[Collection entries]
+++
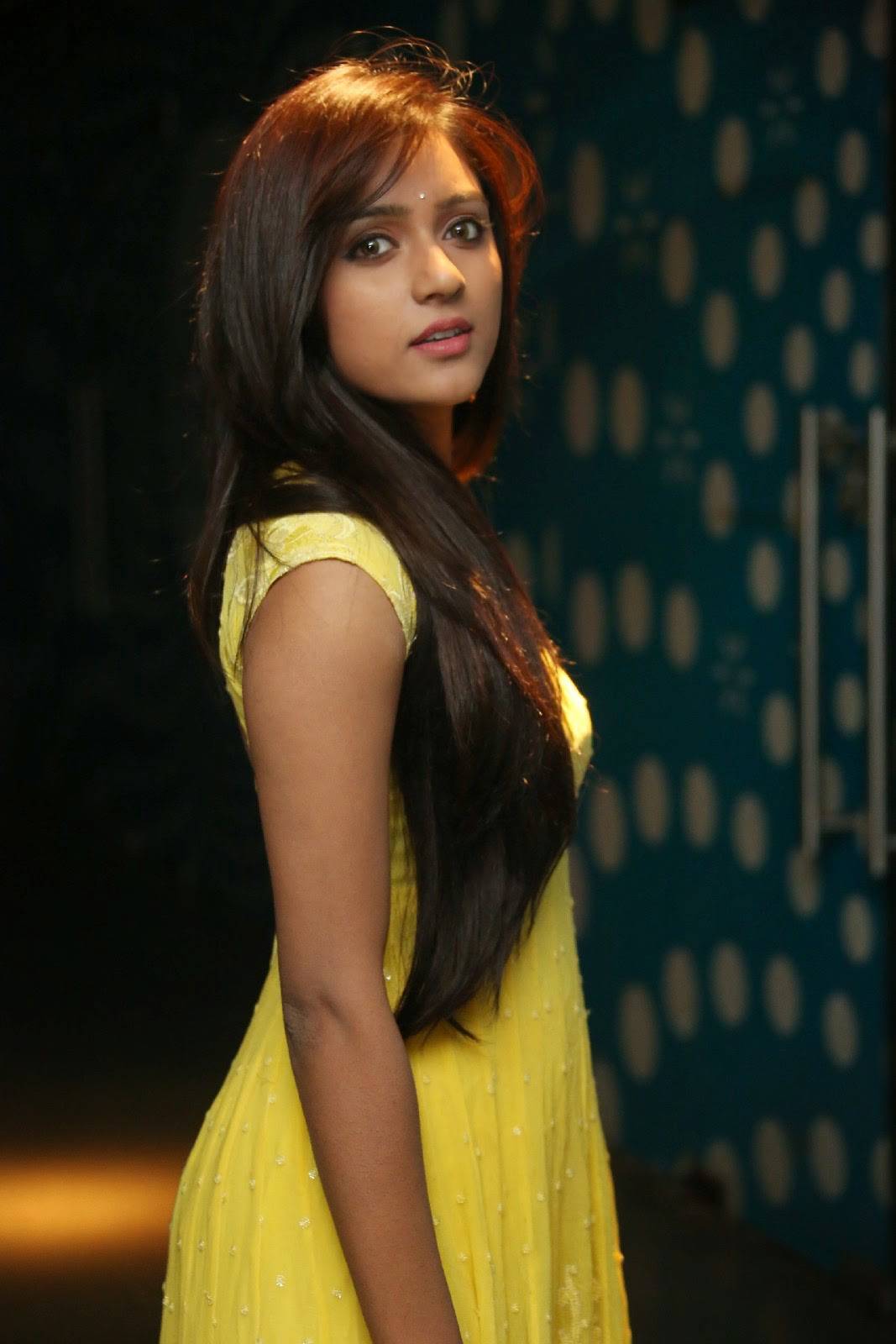 Vithika Sheru Latest Stills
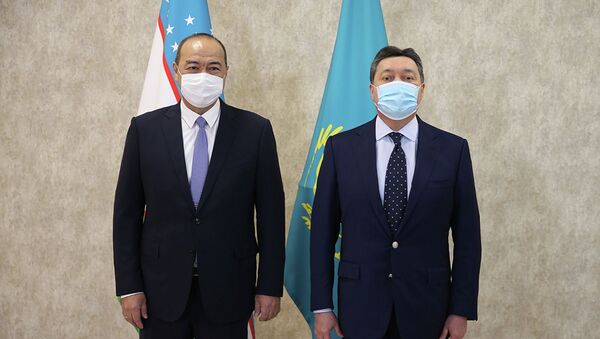 Премьер-министры Казахстана и Узбекистана Аскар Мамин и Абдулла Арипов - Sputnik Казахстан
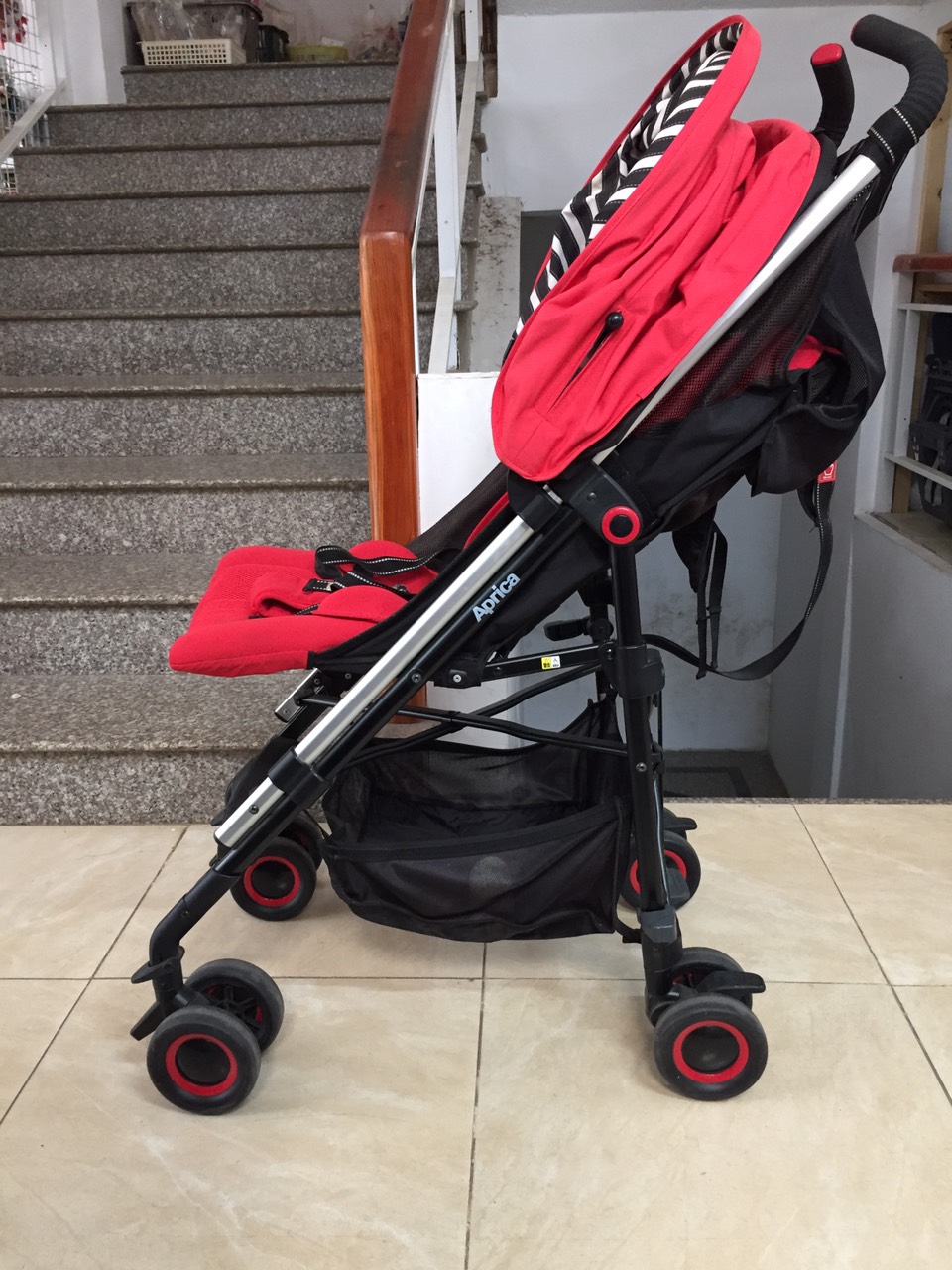 Xe đẩy em bé Aprica
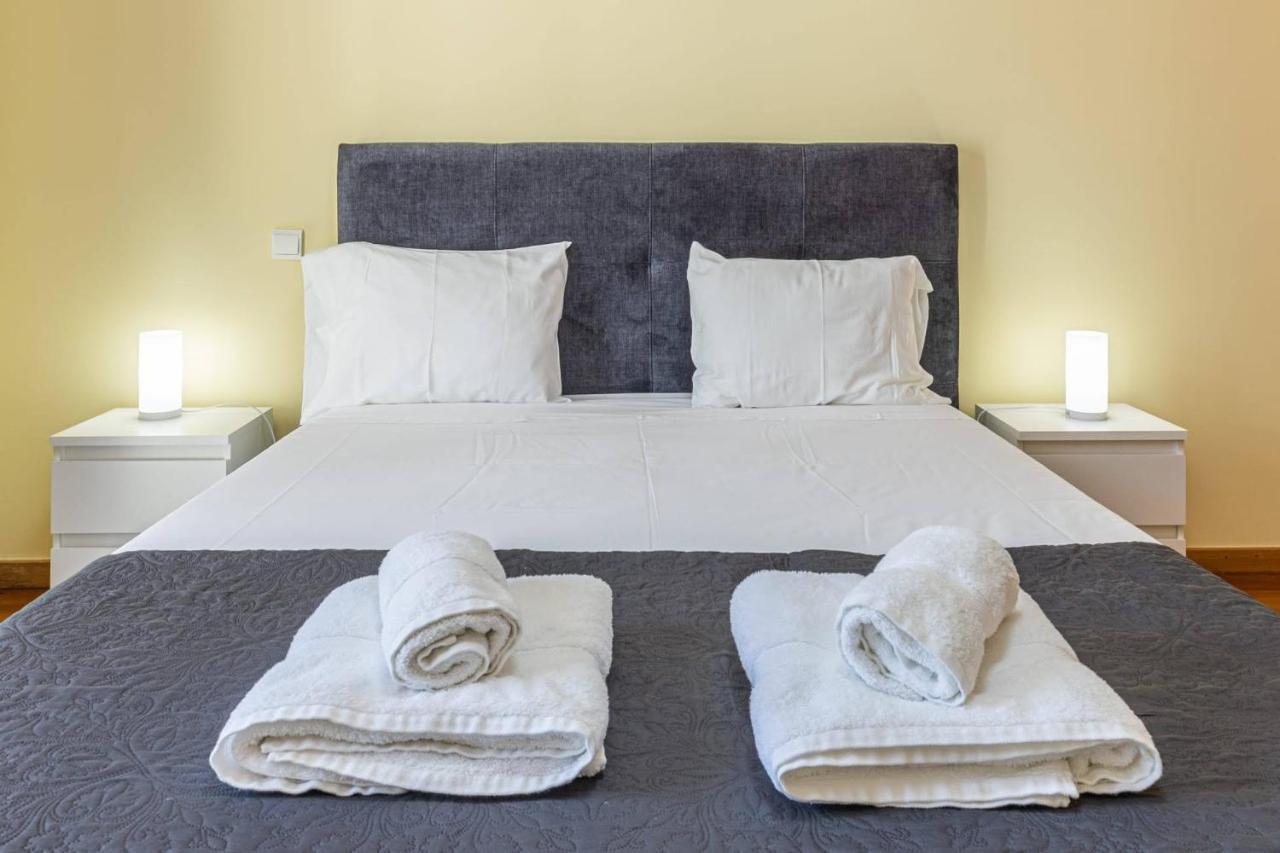 Flowers Island House 4 *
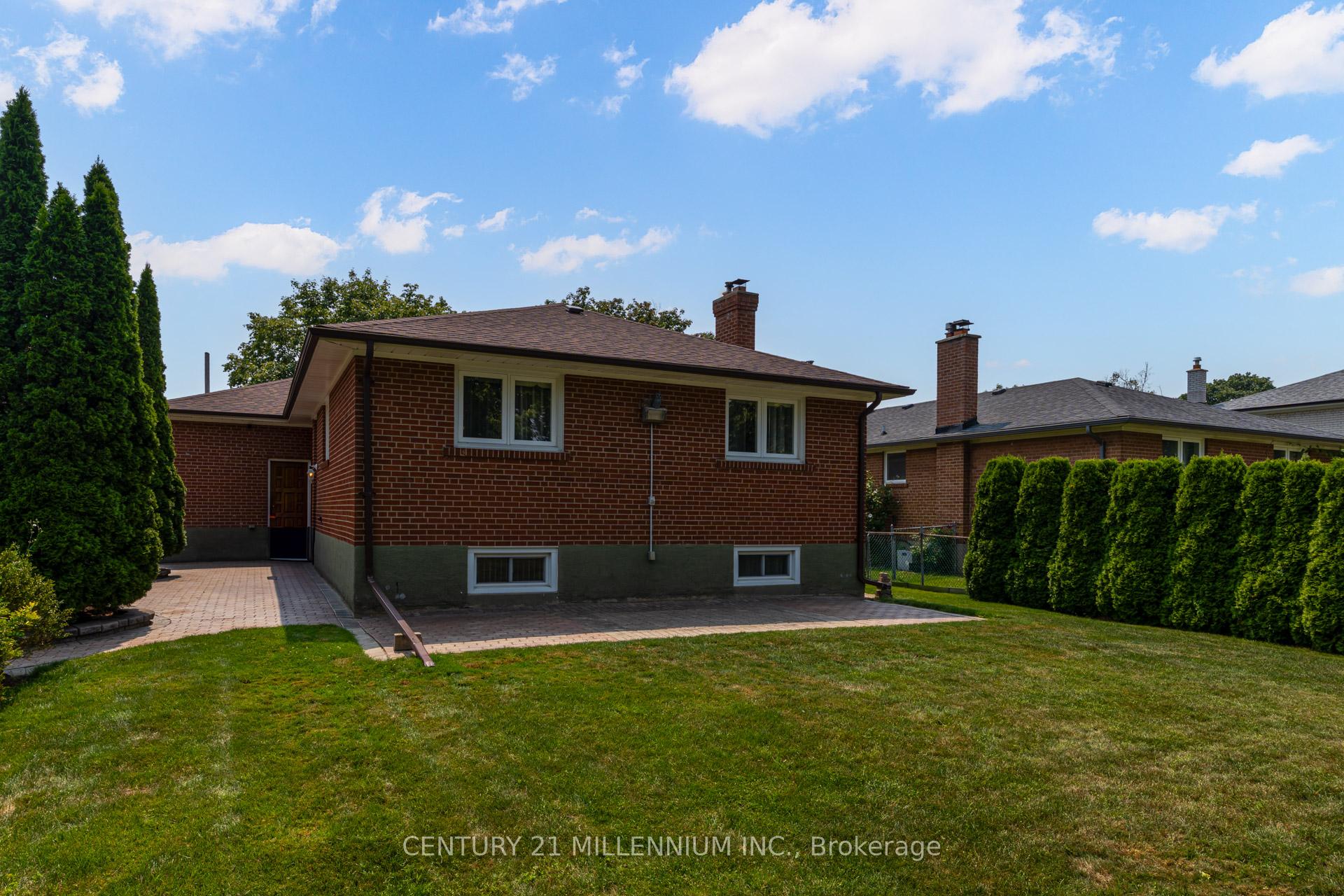 Photo 33 of 46 Northcrest Road, Etobicoke, Kingsview Village-The Westway — HOMEH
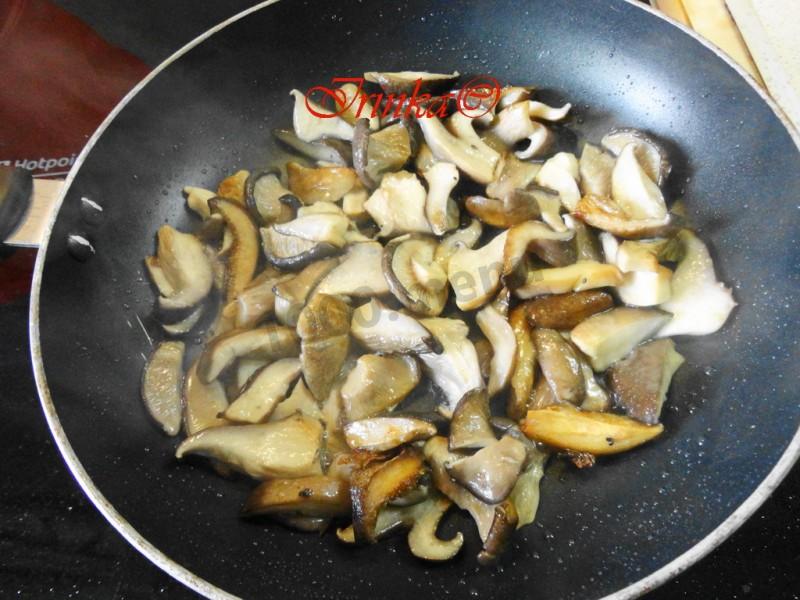 Шаг 6 приготовления Пицца Кальцоне с копчеными колбасками и грибами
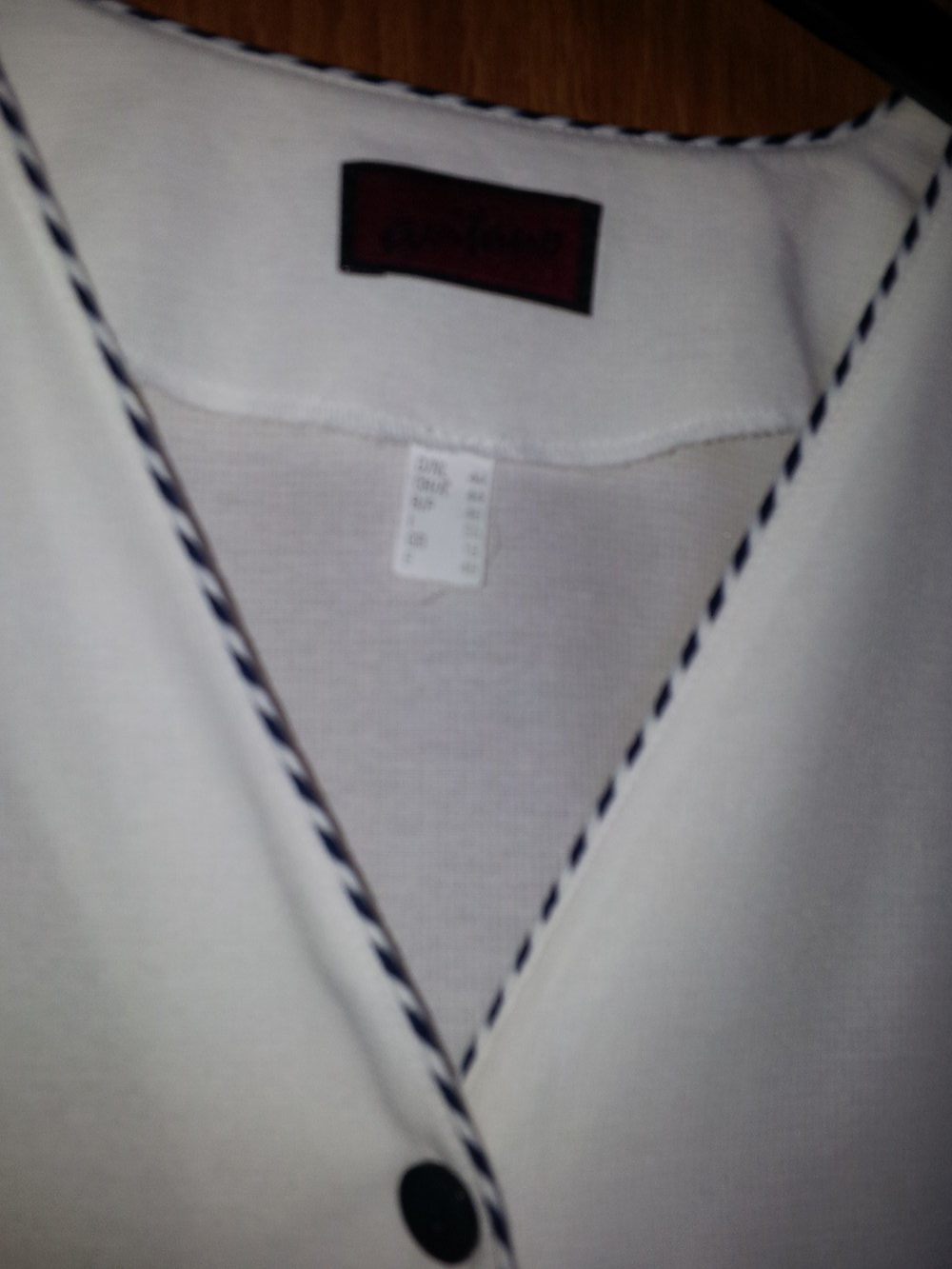 Weiße Bluse mit maritimem Charakter Gr. 44 von Avitano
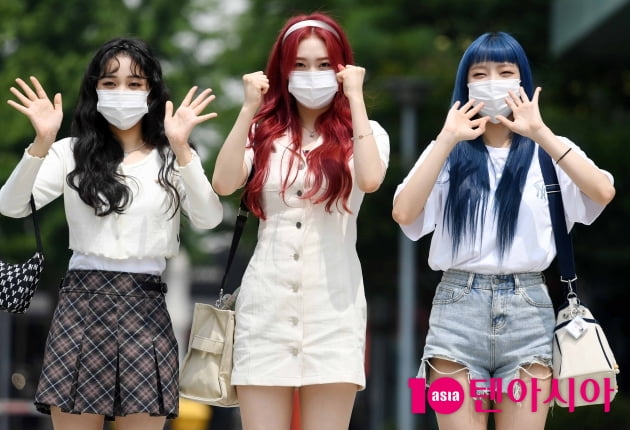 [TEN 포토] 위클리 지한-조아-박소은 '상큼 발랄하게'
+++
→ **What is needed**:
The lines wanted run from the line containing "Xe đẩy em bé Aprica" through the end of the entries; return them exactly, both ends included, and keep pictures out.

→ **Written solution**:
 Xe đẩy em bé Aprica
 Flowers Island House 4 *
 Photo 33 of 46 Northcrest Road, Etobicoke, Kingsview Village-The Westway — HOMEH
 Шаг 6 приготовления Пицца Кальцоне с копчеными колбасками и грибами
 Weiße Bluse mit maritimem Charakter Gr. 44 von Avitano
 [TEN 포토] 위클리 지한-조아-박소은 '상큼 발랄하게'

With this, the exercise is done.